Problem is the mk2 from the back looks like a Nisson 350Z and from the front looks like any other Audi other than the headlight shape, from the side it looks awful. The mk1 is a design icon from the front,back,side and inside, you can it`s a TT mk1 from a mile away.
[smiley=book2.gif]


----------



## dimitt (Apr 21, 2004)

Having owned both (ooouuhhh) I can unbiasedly state the Mk1 is a far better looking original proper sports car. I do prefer the Mk 1 interior in terms of style and sports layout. The Mk 1 with competition alloys and the way the petrol flap opens just did it for me..... however the Mk2 may not be as stunning to look at but the handling and power is superior.

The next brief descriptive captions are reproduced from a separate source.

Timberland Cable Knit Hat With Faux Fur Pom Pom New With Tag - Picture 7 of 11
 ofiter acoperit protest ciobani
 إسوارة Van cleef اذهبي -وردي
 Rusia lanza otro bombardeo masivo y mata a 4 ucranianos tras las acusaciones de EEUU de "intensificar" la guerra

So to sum up, my personal opinion is :

Mk1 : has the looks
Mk2 : has the power/handling

In whole, both cars are in fact totally different to each other, yes they are TT's but to me it's like owning a different car all together (same pooh customer service though!)


----------



## Wallsendmag (Feb 12, 2004)

stoffi said:


> I can only imagine what that 3.2 Quattro feels like, -omg!

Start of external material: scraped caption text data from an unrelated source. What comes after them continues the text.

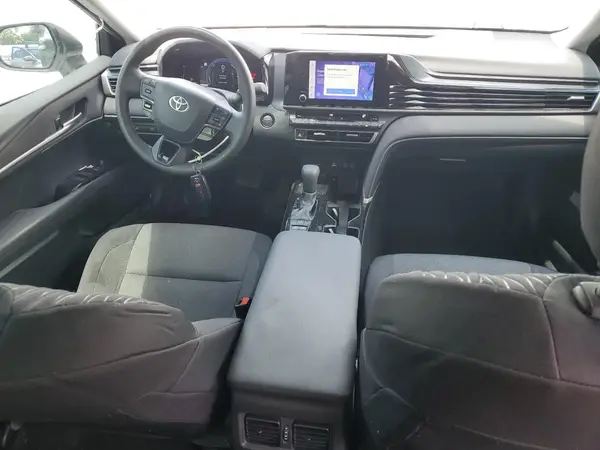 4T1DAACK1SU563521 2025 TOYOTA CAMRY - Image 8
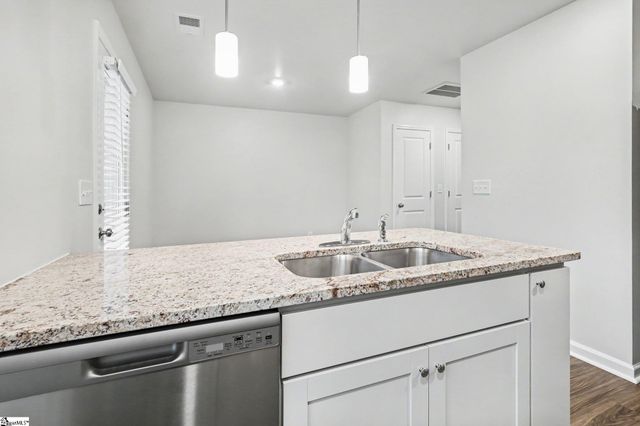 639 Blossom Run Drive, Spartanburg, SC 29307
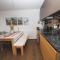 Cosy, stylish new flat with spa and gym & shuttle to ski lifts - Laax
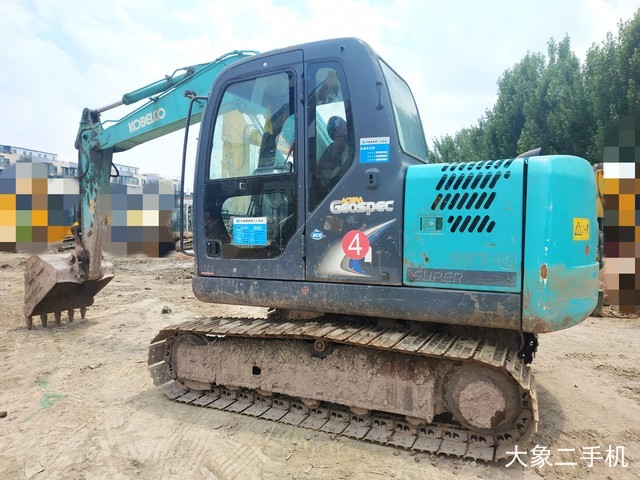 神钢 SK75-8 挖掘机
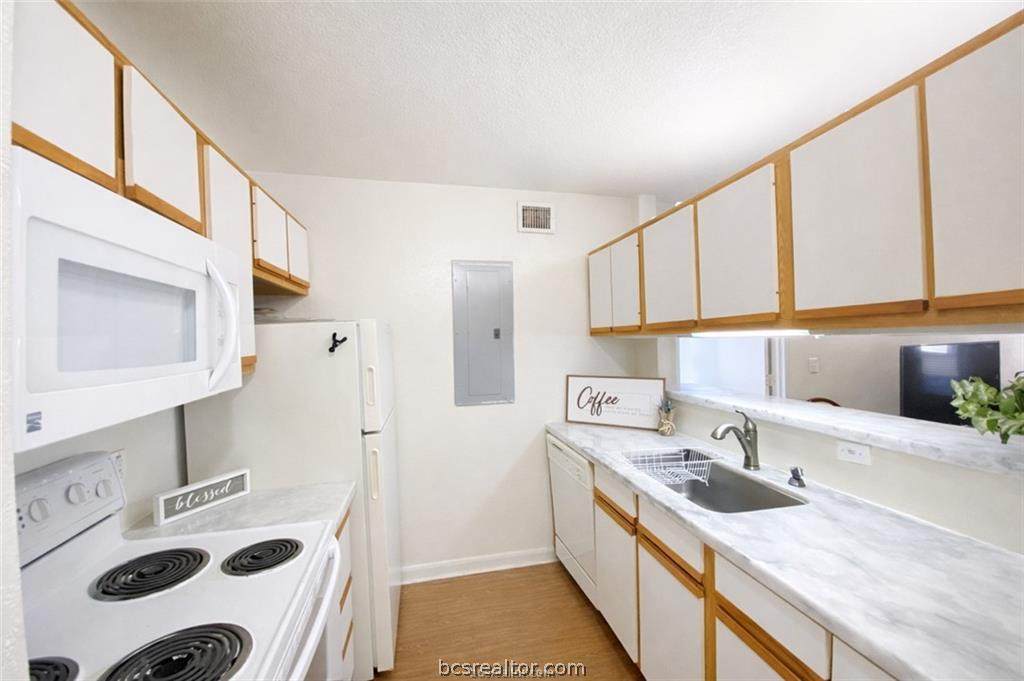 515 Southwest Parkway - Photo 1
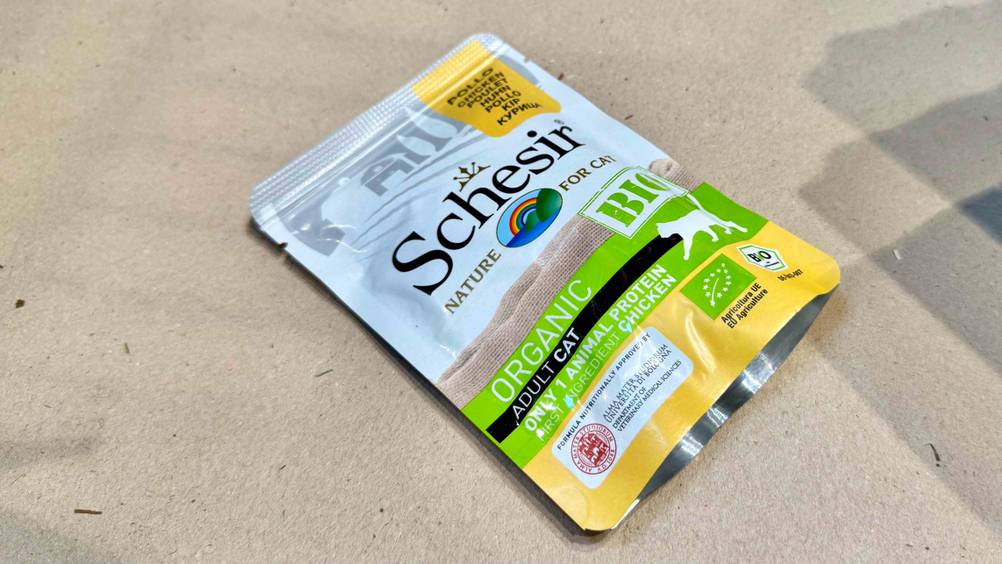 Eine Packung des getesteten Schesir-Katzenfutters liegt auf einer hellen Fläche.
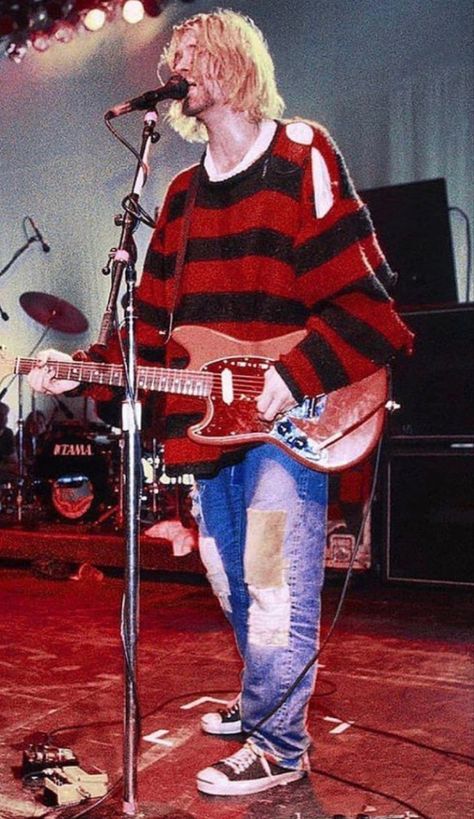 Kurt Cobain Outfit, Nirvana Outfit, Gitar Vintage, Kurt Cobain Style, Kurt Cobain Photos, Billy B, Nirvana Kurt Cobain, Nirvana Kurt, Estilo Grunge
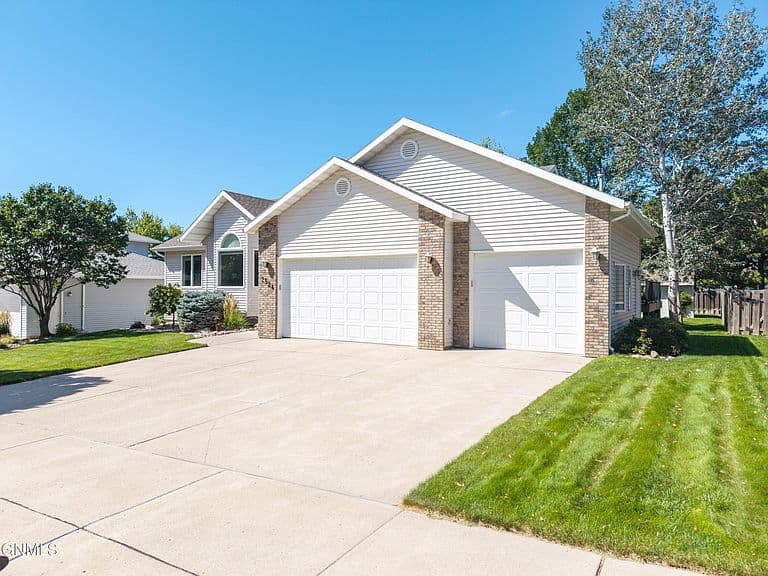 2524 Sharps Loop photo 3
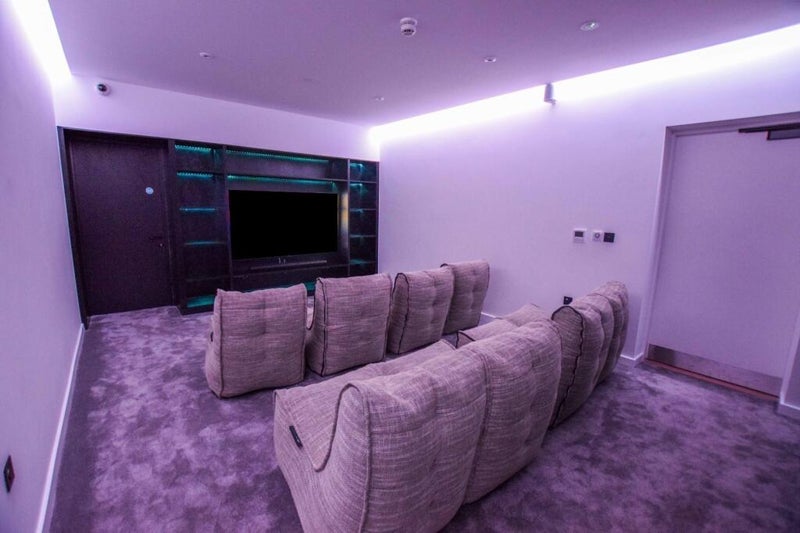 Room Wharf End in Trafford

                     that sort of sums it up :wink:


----------



## slineTT (Feb 24, 2006)

There you go. Now you have a choice of spending 30-40K on a car that handles well but looks like an Audi on the front or a car that looks like a TT and costs a lot less and needs god knows how much just to handle reasonably......


----------



## greyhound (Oct 27, 2011)

im'a revive this thread as im a recent owner of a MK1 TT Coupe, i too think the MK1 is a much better looking car with timeless classic lines, but i also want to make another comparison (which is surely to pi*s some of you off,) between the MK1 Coupe and Roadster- To me the coupe is the absolute stunner, and the roadster probably the ugliest rag top i can think of, really it looks so bad, i feel sorry for the people who got MK1 with bad handling and bad looks...whoops


----------



## kazinak (Mar 23, 2010)

i love mk1 , but mk2 looks miles better if done right


----------



## Wallsendmag (Feb 12, 2004)

If thats right I'm buying a MkI


----------



## kazinak (Mar 23, 2010)

wallsendmag said:


> If thats right I'm buying a MkI


that would be a bad idea


----------



## greyhound (Oct 27, 2011)

looks like a aggressive japanese rude boy car, to me the TT is an under-statedly flashy vehicle, soon as you dick about with it too much... well it looks like its kissing the floor for mercy


----------



## andyTT180 (Mar 19, 2010)

Why drag up a thread from 2008? :roll:


----------



## greyhound (Oct 27, 2011)

andyTT180 said:


> Why drag up a thread from 2008? :roll:


Its nostalgia time man, christmas bells, jingle balls!!


----------



## Bago47 (Nov 27, 2011)

Personally, I think MK1 is far better than MK2. MK1 with 225 HP at cost of only 4-5 grands beats MK2 with only 170 HP (which price's from 38 to 52 grands).


----------



## JamesR (Jul 11, 2008)

kazinak said:


> i love mk1 , but mk2 looks miles better if done right


Omfg!! That's just done it for me! I need to make my mk2 look like this!


----------



## qs950 (Apr 12, 2009)

> I love the Mk1, but wouldn't consider the Mk2 in the future.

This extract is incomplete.